(Goal of the exercise) Return only the stretch of the material below that begins with the line containing "Residents enjoying time outdoors at a table" and ends with the line containing "Close-up of stainless", exactly; both of those lines belong to it.

*** Opening of Given entries ***

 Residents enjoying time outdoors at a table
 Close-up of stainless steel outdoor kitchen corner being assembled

*** Close of Given entries ***
*** Opening of Given entries ***

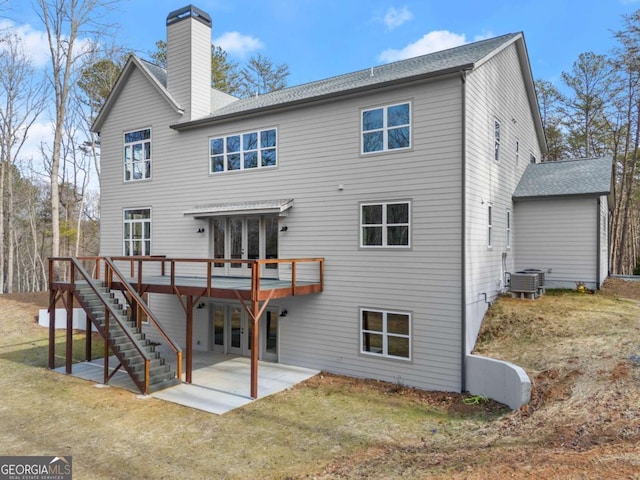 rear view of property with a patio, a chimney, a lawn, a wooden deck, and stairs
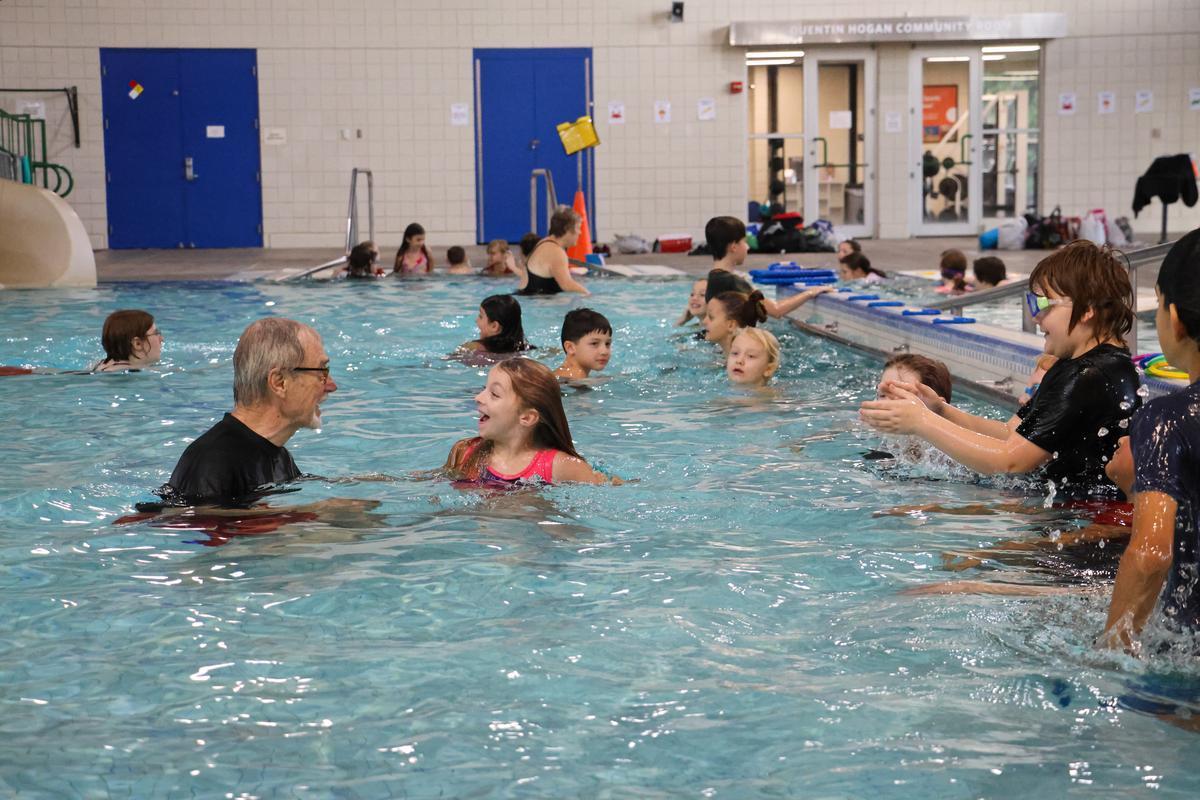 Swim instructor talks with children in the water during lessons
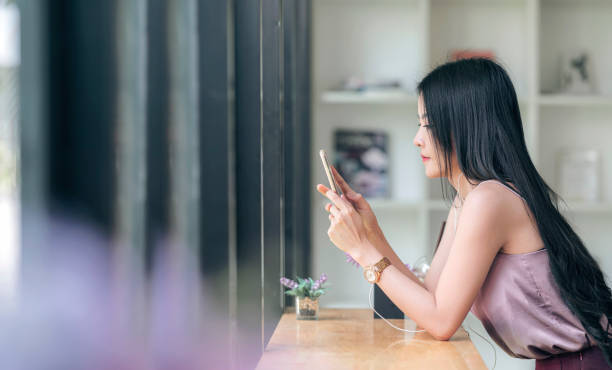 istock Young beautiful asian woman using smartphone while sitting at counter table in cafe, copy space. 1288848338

*** Close of Given entries ***

(Solution to this exercise)
 Residents enjoying time outdoors at a table
 Close-up of stainless steel outdoor kitchen corner being assembled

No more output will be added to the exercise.